* Problem details
Your task is to copy the lines of the data below from the line holding "bridge as lace." through the line holding "Crimson Moon Warlord", inclusive, exactly and with nothing added.
:: Information shown ::
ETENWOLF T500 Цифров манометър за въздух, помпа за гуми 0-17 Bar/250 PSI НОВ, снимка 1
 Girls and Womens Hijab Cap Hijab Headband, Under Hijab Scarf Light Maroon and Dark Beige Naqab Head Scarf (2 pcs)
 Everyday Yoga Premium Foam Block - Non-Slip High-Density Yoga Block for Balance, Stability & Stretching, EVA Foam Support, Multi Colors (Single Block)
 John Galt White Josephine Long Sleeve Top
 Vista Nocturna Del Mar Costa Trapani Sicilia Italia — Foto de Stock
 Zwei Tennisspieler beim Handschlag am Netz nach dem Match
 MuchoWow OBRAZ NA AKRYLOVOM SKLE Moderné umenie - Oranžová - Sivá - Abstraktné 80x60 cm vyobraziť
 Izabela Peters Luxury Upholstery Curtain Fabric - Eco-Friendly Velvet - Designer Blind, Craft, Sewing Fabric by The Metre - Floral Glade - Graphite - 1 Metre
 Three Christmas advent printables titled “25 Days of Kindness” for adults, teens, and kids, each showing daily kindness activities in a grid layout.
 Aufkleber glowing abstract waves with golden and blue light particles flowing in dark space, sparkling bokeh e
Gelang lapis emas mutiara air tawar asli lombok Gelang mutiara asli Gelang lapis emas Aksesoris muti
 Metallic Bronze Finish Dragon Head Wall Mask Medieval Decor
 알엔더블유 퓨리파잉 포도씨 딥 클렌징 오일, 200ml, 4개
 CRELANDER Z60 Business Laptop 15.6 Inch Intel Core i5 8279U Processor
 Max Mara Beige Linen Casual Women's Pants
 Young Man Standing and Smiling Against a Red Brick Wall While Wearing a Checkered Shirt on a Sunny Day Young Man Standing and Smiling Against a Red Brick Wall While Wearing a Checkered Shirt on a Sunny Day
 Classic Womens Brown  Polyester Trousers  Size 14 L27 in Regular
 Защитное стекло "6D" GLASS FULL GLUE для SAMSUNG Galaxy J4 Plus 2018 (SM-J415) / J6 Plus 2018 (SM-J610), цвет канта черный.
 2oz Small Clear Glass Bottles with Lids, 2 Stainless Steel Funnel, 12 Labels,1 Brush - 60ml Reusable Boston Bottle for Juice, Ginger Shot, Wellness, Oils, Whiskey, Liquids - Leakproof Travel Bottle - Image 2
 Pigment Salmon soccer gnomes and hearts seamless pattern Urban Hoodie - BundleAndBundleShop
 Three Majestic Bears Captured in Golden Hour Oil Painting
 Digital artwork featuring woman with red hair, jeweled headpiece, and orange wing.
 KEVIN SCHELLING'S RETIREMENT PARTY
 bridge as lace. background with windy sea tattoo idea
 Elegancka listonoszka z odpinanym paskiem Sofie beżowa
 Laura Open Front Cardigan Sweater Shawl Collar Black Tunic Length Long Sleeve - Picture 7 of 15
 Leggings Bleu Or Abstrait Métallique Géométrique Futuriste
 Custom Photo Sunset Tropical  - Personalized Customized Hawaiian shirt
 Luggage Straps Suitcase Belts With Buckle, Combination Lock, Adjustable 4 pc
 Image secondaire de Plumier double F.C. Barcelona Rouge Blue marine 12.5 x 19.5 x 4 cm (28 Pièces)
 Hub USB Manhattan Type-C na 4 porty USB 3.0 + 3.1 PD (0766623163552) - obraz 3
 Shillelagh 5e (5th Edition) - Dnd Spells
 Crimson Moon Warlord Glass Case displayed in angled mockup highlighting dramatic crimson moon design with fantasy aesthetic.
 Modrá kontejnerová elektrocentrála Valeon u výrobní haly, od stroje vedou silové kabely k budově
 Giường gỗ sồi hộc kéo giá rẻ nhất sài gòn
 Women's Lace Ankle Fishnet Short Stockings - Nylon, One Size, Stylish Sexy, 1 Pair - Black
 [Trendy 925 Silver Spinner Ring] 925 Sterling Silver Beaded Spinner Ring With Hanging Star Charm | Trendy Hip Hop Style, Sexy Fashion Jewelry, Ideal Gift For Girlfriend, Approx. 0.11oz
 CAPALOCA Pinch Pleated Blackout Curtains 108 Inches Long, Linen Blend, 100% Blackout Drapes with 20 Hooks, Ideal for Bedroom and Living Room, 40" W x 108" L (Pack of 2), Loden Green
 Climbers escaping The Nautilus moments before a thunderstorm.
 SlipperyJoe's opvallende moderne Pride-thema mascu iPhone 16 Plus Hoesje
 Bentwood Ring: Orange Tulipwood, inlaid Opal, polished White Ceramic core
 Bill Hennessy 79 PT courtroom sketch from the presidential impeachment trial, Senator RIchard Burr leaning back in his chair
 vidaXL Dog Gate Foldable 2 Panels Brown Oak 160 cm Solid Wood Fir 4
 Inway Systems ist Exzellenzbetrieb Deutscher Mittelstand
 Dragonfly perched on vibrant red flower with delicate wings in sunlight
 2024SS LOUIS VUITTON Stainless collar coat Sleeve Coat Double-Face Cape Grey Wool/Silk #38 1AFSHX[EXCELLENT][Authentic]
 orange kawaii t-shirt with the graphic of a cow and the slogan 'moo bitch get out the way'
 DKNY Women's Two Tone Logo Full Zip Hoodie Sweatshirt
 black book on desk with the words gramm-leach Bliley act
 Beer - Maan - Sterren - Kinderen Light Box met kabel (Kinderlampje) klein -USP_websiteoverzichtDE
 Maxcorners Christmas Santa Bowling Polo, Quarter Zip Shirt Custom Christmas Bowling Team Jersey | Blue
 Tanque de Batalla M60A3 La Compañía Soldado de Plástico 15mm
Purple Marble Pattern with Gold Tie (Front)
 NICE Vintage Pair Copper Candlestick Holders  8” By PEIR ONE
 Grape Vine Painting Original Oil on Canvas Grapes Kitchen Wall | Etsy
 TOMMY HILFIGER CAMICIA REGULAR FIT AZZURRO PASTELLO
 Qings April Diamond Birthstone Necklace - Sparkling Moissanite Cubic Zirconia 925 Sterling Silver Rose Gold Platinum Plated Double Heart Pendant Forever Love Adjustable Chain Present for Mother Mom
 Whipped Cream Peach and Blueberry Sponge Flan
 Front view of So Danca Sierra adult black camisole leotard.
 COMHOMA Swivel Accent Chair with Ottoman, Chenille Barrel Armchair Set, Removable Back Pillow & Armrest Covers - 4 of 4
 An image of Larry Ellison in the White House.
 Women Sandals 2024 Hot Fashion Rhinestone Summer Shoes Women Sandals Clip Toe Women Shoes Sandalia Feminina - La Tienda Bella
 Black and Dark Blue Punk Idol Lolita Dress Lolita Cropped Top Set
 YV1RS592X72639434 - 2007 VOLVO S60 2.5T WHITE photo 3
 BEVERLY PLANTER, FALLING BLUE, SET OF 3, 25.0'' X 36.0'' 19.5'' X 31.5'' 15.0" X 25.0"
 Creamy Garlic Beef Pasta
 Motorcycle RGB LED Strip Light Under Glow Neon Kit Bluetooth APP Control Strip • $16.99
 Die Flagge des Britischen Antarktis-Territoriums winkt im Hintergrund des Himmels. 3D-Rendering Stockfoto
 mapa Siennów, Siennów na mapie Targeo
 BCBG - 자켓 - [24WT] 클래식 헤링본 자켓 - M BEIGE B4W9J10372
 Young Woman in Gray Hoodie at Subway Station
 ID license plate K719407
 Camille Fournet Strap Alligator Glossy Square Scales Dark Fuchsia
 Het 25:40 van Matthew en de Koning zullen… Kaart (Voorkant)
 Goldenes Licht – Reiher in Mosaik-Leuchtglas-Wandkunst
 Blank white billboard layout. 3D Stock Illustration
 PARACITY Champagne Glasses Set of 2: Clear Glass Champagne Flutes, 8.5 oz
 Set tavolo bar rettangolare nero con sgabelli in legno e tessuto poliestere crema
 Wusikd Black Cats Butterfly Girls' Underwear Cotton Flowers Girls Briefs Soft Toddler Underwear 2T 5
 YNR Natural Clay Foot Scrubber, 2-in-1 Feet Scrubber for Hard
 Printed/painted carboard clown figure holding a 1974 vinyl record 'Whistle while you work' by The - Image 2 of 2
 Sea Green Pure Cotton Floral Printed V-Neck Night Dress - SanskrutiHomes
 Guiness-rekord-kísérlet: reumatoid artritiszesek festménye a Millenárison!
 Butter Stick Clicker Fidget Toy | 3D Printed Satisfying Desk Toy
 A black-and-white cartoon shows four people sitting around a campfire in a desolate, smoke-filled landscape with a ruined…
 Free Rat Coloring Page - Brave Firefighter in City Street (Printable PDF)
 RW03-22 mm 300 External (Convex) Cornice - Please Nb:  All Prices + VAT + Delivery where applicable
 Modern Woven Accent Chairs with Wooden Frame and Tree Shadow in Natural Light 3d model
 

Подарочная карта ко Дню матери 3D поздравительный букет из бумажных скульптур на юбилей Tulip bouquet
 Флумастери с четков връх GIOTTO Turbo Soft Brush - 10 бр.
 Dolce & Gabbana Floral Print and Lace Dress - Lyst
:::
* Written answer
 bridge as lace. background with windy sea tattoo idea
 Elegancka listonoszka z odpinanym paskiem Sofie beżowa
 Laura Open Front Cardigan Sweater Shawl Collar Black Tunic Length Long Sleeve - Picture 7 of 15
 Leggings Bleu Or Abstrait Métallique Géométrique Futuriste
 Custom Photo Sunset Tropical  - Personalized Customized Hawaiian shirt
 Luggage Straps Suitcase Belts With Buckle, Combination Lock, Adjustable 4 pc
 Image secondaire de Plumier double F.C. Barcelona Rouge Blue marine 12.5 x 19.5 x 4 cm (28 Pièces)
 Hub USB Manhattan Type-C na 4 porty USB 3.0 + 3.1 PD (0766623163552) - obraz 3
 Shillelagh 5e (5th Edition) - Dnd Spells
 Crimson Moon Warlord Glass Case displayed in angled mockup highlighting dramatic crimson moon design with fantasy aesthetic.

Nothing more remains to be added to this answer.